The evaluation of arterial wall mechanics using VVI: The media-adventitia borders of carotid arteries were manually traced, and the peak circumferential strain rate and times to peak circumferential strain rate of six segments were analyzed automatically. The peak circumferential strain and the times to peak strain were similarly measured

Fig. 2

VVI analysis: circumferential strain and strain rate of six segments in a 22-year-old male subject (a) and a 65-year-old male subject (b). The carotid artery of the older subject showed a more reduced and asynchronous arterial expansion during systole. VVI = velocity vector imaging (adapted from Ref 29)

Fig. 3

a Average peak circumferential strain rate according to age group. b Fractional area change according to age group. c The SD of time to peak circumferential strain rate (Tsr-SD) according to age group. Data are presented as mean ± SD. SD = standard deviation; Tsr = time to peak circumferential strain rate. *P > 0.05, †P < 0.05, ‡P < 0.01(adapted from Ref [29])

Arterial function using VVI was also evaluated in patients with vasculopathy such as Takayasu’s arteritis and Marfan syndrome [28, 30]. In Takayasu’s arteritis and Marfan syndrome, arterial strain and strain rate were all reduced. Furthermore, SD of time to peak strain and strain rate were significantly increased, suggesting dyssynchronous arterial expansion during systole. According to the previous investigations, VVI has unique ability to provide an information regarding both regional and segmental alterations of arterial elastic properties in various conditions. In an animal study to assess the correlations between the VVI parameters and histologic changes, the radial velocity and circumferential strain had independent associations with the collagen content of the corresponding aortic wall [31].

Previously, most studies on arterial aging have focused on global changes of arterial function due to lack of test for regional arterial function. Conventional methods for assessment of arterial function usually represent global arterial function, and not regional function. Despite its potential importance, regional structural changes of artery and consequent aynchronicity of arterial expansion has been overlooked.

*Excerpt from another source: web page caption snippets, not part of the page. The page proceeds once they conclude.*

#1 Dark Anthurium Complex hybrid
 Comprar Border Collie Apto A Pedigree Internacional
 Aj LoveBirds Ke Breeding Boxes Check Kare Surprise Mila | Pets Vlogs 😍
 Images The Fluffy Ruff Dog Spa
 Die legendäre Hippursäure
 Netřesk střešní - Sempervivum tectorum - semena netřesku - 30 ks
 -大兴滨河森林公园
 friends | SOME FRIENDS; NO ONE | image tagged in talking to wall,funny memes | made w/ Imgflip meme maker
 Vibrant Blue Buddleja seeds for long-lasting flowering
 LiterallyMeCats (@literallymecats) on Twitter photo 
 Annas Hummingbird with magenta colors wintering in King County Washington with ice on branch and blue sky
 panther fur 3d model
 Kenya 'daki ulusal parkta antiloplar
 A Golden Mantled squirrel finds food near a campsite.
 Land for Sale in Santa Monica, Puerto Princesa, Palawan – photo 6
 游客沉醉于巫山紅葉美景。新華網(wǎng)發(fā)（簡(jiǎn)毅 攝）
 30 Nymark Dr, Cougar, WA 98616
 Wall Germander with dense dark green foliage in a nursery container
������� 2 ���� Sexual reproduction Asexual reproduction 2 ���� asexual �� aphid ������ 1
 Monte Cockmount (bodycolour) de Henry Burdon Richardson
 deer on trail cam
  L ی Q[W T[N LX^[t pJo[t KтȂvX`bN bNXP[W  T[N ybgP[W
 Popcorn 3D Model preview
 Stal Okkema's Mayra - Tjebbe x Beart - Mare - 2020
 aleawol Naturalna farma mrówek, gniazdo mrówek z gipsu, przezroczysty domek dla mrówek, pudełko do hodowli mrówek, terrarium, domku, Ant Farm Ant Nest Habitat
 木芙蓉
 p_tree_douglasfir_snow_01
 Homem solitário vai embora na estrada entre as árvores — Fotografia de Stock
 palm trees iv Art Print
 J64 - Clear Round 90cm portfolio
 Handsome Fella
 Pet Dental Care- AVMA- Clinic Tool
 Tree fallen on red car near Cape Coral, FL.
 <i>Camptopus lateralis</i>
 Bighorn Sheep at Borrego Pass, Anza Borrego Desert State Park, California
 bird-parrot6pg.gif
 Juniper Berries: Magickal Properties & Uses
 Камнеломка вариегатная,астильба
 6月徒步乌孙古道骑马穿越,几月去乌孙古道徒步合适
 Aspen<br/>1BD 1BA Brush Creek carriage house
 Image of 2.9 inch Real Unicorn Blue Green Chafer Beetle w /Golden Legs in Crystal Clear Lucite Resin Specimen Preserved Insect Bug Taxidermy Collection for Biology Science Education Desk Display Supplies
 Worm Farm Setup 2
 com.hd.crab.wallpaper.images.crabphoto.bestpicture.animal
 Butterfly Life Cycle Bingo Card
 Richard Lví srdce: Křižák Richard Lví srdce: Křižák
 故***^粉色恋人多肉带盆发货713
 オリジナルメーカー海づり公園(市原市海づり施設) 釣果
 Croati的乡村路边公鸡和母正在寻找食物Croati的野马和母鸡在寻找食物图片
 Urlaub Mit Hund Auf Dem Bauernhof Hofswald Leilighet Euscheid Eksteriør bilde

Unlike other assessment technique for arterial function, strain analyses present regional arterial function. Therefore, assessment of vascular function with strain imaging could be expected to offer better understanding into the pathophysiology of vasculopathy.

Carotid 2-D ultrasound evaluates not only arterial structure but also arterial function including changes in diameter during the cardiac cycle [14]. However, these assessments are limited, in that they can be influenced by blood pressure and have less than optimal reproducibility [32, 33]. In the Rotterdam study, carotid distensibility as assessed by ultrasound failed to show any association with cardiovascular disease or mortality [6]. Even though there are not many studies, compared with ultrasonographic 2-D measures of arterial stiffness, arterial strain and strain rate are more sensitive for detecting age-related vascular changes and determining cardiovascular risk [22, 23, 34].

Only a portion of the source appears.